This arrangement provided long-term buyers, particularly Japan and South Korea, more flexibility in managing their LNG supplies. It also offered those buyer nations opportunities to share more directly in the profitability of LNG shipping, expand their domination of LNG ship building, and increase their influence over long-term shipping charters associated with the major LNG supply chains.

Equity interests in the arms-length shipping company usually involved participants from both upstream and downstream consortia.

The LNG markets had also then evolved to include substantial amounts of FOB sales contracts as well as the more traditional CIF contracts. Sales terms otherwise remained similar with long-term take-or-pay arrangements. In Japan, the Japanese Crude Cocktail (JCC) became the oil price benchmark for LNG.
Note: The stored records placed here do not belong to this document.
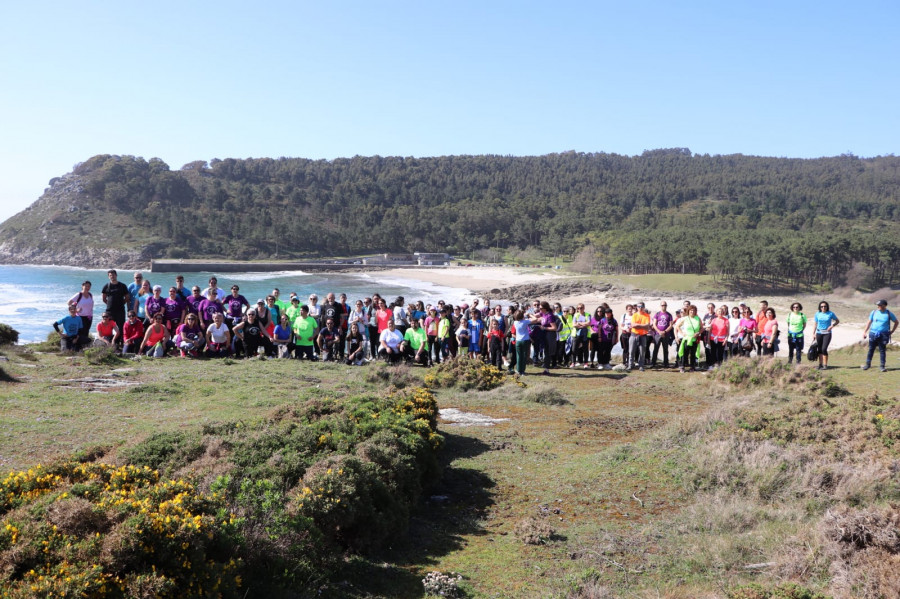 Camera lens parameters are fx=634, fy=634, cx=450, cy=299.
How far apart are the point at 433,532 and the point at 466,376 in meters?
6.75

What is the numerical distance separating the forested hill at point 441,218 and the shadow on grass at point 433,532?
80.0 metres

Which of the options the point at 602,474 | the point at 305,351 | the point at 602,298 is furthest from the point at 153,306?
the point at 602,298

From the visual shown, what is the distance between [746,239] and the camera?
289 feet

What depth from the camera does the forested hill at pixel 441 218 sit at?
4048 inches

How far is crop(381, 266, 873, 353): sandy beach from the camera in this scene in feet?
138

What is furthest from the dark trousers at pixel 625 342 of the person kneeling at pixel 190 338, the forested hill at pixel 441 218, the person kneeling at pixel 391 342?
the forested hill at pixel 441 218

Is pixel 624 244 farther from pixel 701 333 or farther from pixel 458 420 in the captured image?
pixel 458 420

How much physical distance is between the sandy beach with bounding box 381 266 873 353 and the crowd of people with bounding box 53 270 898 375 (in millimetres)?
9499

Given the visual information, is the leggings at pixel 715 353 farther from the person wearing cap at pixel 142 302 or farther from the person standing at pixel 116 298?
the person standing at pixel 116 298

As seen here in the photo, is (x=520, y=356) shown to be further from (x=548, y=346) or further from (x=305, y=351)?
(x=305, y=351)

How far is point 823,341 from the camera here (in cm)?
1408

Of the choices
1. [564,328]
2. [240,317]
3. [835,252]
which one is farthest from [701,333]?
Result: [835,252]

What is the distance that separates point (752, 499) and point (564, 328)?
9.63 meters

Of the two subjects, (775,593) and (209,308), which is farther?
(209,308)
In some contracts floor-prices were replaced by moderated crude pricing equations that softened LNG price increases in high-oil-price environments and LNG price decreases in low-oil-price environments, providing a more stable LNG contract pricing mechanism.
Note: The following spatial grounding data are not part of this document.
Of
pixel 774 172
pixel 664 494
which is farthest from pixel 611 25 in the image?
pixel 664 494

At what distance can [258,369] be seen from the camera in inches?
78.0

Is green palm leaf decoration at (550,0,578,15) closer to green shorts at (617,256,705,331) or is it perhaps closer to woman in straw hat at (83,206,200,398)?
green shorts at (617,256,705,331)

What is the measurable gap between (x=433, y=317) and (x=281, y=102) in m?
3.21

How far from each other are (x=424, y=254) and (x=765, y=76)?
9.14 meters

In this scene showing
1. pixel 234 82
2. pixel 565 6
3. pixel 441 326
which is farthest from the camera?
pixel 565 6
LNG delivered prices remained higher in Asia than in Europe due to more competitive gas supply and prices in Europe.

During the same period Japanese and South Korean LNG buyers began to take minor nonoperated equity interests in the development of upstream components of the LNG supply chain (liquefaction plants and gas fields). This enhanced their security of supply and also provided them with valuable knowledge of the complex technical and operational issues associated with LNG supply.

IOCs also realized that there was potential to extract value along the supply chain by taking equity positions in LNG shipping and regasification to tie in with their gas trading businesses in emerging deregulated gas markets of Europe.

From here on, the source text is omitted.